The current stock of housing units is produced mainly through incremental self-construction, and less so by government agencies and private developers. The poor live in sub-standard accommodation, sometimes on land that is not serviced. With the newly set up cement factories in Cameroon that also aim to service these markets, construction costs may drop, which may help to increase supply of new affordable housing units.

International oil and construction companies are driving the demand for high quality residential units in Malabo and Bata in Equatorial Guinea. There has been a great deal of volume home building in Malabo II and reserved government residential areas in the east of the city. Mainly expatriates live in these new areas, as they are expensive and the average middle class person cannot afford them. The central Klemat area in N’djamena, which is near the presidential palace, is also an important residential district with new developments. Again, it is mostly for the expatriate community and not affordable to middle class people. In Gabon, Congo and Central African Republic, too, new housing developments are driven by the expatriate community’s demand for high quality housing. There are no large-scale development activities to provide housing for middle income people.

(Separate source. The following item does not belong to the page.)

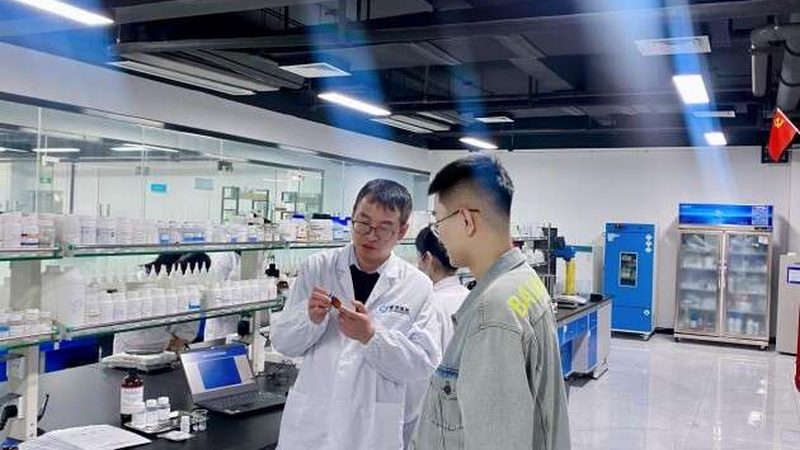 引物合成纯化规格参数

Property market and opportunities

With fairly strong and sustainable economic growth due to economic reforms and the strong demand for its natural resources from emerging economies such as China, India and Brazil, a growing middle class, increasingly urbanised populations, a huge housing backlog and a large diaspora that is seeking to invest in real estate, huge opportunities exist for residential high end and middle/low income housing in all areas of the value chain – real estate development, construction, finance and real estate management services. The prospects for the property market are very good. For the potential to be realised, governments in the various countries and other stakeholders must continuously find ways to increase supply and make them affordable to the middle and lower income groups. This is already being done in Cameroon. 

Policy and regulation

Governments in the CEMAC countries have been slow in putting in place reforms that would address the constraints in this sector. The main constraints are in the areas of land ownership, access to serviced land, construction and development, and the availability of finance. According to the World Bank’s Doing Business 2013 report, compared to 2012, most countries in the region have made some progress on issuing construction permits and registering property. Getting credit is still a big issue. This is something that needs urgent attention. Governments should continue to introduce reforms on land administration, construction, property registration and access to housing finance. Because of the potential role that MFIs could play, reforms and policies should also focus on tapping into that potential.